If your best friend was running for vice president, would you vote for her? Sarah Palin's BFFs aren't so sure. In the clip above, Good Morning America sits down with Sarah Palin's best friends of 15 years, a group of Alaska moms who call themselves the "Elite 6." Though one of the friends was inexplicably absent, three of the four women said they are pro-choice and only one is committed to voting for the Republican ticket in November. Is it a bad sign when you're polling better among strangers than the women with whom you've shared so many skinny white chocolate mochas?
I have a tough time being friends with people I don't share basic political commonalities with. I wish I could, I really do. I worry that it makes me a petty and intolerant person, and I don't want to be either of those things. This may sound so stupid, but I really do worry about it.

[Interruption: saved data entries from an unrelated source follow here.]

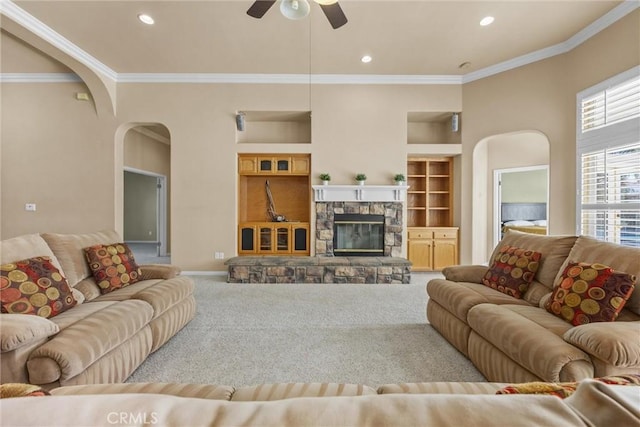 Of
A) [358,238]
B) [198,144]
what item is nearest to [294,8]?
[198,144]

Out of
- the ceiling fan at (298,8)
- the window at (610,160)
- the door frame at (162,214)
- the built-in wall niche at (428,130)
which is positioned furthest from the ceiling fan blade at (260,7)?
the door frame at (162,214)

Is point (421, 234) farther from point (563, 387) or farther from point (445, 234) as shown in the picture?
point (563, 387)

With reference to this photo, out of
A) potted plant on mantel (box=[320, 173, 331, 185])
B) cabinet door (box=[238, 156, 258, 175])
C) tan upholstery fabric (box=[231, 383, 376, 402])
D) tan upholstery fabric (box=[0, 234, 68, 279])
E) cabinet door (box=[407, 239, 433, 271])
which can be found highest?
cabinet door (box=[238, 156, 258, 175])

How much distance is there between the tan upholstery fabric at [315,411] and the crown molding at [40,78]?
21.1 ft

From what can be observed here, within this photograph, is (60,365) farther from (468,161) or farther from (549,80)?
(549,80)

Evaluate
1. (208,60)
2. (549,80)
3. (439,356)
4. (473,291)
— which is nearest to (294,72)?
(208,60)

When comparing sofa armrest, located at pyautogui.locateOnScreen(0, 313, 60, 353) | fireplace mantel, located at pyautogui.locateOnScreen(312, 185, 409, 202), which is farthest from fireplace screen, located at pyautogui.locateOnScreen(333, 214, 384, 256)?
sofa armrest, located at pyautogui.locateOnScreen(0, 313, 60, 353)

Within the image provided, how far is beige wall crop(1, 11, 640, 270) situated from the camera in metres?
4.73

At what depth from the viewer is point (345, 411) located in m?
0.48

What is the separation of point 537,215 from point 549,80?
A: 4.85 m

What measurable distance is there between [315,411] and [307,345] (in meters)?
2.01

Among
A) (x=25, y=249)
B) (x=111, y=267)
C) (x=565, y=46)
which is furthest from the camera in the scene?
(x=565, y=46)

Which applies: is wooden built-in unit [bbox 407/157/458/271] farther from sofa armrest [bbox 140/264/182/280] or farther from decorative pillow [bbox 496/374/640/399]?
decorative pillow [bbox 496/374/640/399]

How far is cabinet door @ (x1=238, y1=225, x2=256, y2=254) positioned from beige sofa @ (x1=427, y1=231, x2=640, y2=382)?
336 centimetres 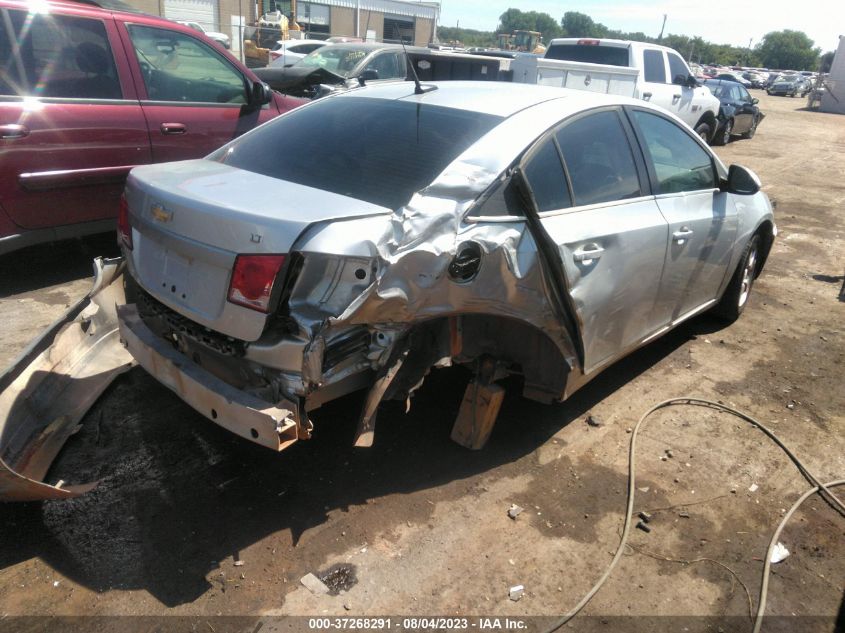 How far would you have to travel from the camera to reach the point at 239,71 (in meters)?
6.03

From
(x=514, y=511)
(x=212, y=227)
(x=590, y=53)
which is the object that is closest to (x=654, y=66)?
(x=590, y=53)

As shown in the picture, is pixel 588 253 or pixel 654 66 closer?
pixel 588 253

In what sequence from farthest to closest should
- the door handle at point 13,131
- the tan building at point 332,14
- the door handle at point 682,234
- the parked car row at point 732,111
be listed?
the tan building at point 332,14, the parked car row at point 732,111, the door handle at point 13,131, the door handle at point 682,234

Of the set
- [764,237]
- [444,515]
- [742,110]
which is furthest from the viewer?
[742,110]

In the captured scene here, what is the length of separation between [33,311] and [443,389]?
307 cm

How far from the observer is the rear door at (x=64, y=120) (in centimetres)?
459

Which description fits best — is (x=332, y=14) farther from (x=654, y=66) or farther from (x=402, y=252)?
(x=402, y=252)

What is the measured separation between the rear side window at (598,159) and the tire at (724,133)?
15.2m

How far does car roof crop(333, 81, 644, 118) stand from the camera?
3.32 metres

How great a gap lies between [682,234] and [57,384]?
356 cm

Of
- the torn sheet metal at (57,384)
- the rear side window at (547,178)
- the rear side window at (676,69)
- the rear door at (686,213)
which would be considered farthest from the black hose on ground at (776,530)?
the rear side window at (676,69)

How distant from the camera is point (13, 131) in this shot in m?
4.52

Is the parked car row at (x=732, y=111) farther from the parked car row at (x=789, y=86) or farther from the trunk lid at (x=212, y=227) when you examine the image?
the parked car row at (x=789, y=86)

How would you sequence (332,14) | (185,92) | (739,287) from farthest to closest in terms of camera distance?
(332,14), (185,92), (739,287) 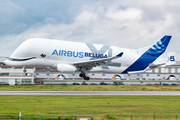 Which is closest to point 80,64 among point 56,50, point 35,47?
point 56,50

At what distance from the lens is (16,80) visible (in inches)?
3942

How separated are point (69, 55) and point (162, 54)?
2161 cm

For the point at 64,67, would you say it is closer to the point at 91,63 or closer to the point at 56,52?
the point at 56,52

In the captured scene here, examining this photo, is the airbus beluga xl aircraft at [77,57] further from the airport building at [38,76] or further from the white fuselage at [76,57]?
the airport building at [38,76]

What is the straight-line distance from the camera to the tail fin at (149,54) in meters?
49.1

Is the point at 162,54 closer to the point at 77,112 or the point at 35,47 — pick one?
the point at 35,47

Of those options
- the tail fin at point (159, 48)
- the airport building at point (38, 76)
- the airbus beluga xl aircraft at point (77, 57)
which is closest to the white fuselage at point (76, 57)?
the airbus beluga xl aircraft at point (77, 57)

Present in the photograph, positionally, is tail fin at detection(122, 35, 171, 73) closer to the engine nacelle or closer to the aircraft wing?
the aircraft wing

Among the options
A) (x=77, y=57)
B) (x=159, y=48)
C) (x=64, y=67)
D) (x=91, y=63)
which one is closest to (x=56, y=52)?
(x=64, y=67)

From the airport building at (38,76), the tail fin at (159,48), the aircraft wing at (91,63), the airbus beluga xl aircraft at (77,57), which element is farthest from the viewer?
the airport building at (38,76)

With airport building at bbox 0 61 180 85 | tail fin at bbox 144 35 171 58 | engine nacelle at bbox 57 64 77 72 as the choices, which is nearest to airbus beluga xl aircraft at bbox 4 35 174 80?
engine nacelle at bbox 57 64 77 72

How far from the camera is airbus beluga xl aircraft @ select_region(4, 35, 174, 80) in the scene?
4150 centimetres

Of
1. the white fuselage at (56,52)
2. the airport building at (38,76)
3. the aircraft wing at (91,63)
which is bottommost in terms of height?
the airport building at (38,76)

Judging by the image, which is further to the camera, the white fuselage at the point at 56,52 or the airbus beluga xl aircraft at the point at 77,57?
the airbus beluga xl aircraft at the point at 77,57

I mean, there's enough variety amongst the details of my friends' political views to keep it lively. Certainly I can roll with fiscal conservativism, although it doesn't float my personal boat. But to be close friends with someone who passionately believes that homosexual relationships are inferior to heterosexual ones? Or that women should be denied the right to choose their own reproductive paths? Or that the U.S. government has the unassailable moral right to pre-emptively strike against any nation deemed untrustworthy?
I...I just don't think I could do it. How do you guys do it? Seriously. Do you avoid politics talk altogether? Quietly put those views in a little box while you're with those friends, and let them be? How do you become, and stay, friends with those whose political views you find abhorrent?